With their rigorous and secret market-research methods, the busy elves in the greeting card industry (Hallmark dedicates about 100 employees to Christmas cards year-round) are supplying a slicker version of the tidings millions of Americans produce and send on their own every year.
An estimated 2 billion cards get exchanged during the holiday season, according to the Greeting Card Association. Among the families for whom it's a tradition, the Christmas -- or Kwanzaa or Hanukkah -- greeting expresses the spirit of the holidays more directly than the priciest presents. And for the recipients, the season's greetings contained inside are often more than a sentimental salutation.
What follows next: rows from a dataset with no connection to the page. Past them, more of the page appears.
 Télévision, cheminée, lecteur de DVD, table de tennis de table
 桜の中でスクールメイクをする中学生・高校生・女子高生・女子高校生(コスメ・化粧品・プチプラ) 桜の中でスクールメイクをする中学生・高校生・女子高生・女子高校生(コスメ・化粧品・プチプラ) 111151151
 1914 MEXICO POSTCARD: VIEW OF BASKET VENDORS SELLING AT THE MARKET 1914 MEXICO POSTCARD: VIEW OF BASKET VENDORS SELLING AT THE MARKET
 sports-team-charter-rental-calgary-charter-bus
Most Christmas card messages fall in these categories:
* Family Follies: Puns, rhymes and gags on household themes.
* Glossy Portrait: Warm sweat-ers, new haircuts, forced smiles.
* Over-Achievers: A promotion, a new house, six marathons and acceptance into an Ivy League school. In one family. In one year.
* All-Purpose Epitaph: Store-bought, possibly signed.
* Bad News: Read between the lines. It may deliver its message by not arriving at all.
Before evolving into these variations, the Christmas card began as an English tradition, appearing there first in 1846. Louis Prang, a German immigrant, inspired the practice in America in the 1870s. The finely designed and printed cards that came from his Boston plant were also the seed for today's $7.5 billion greeting card industry.
Today, technology supplies all the tools necessary to make cards. The sender, however, still has to muster the motivation to get them in the mail on time.
You can upload your digital address book and have Hallmark.com send out your cards for you. Or, for about $50 at the same site, you can buy card production software that lets you print on card stock at home.
By obtaining a membership at AmericanGreetings.com, you can choose card designs appropriate to Christmas or any calendar occasion, from boss's day to administrative professionals' day. Print them out at home and send them on their way.
There's also the all-digital greeting, which serves so well in last-minute situations. But how will an intangible e-card go over with families who like to display their cards on the mantle?
Manners maven Letitia Baldrige blanches at the very idea: "A card that you can hold in your hand, enjoy the texture, even enjoy the choice of stamp the sender put on it is far superior, in my opinion, to a cyberspace-generated one."
For those who are busy enough around the holidays, there's always the card store. And those who fail to get them in the mail until after the New Year should rest easy knowing card makers are thinking ahead. At Hallmark, they're in the planning stages for Christmas 2004.
John Jurgensen is a writer for The Hartford Courant, a Tribune Publishing newspaper.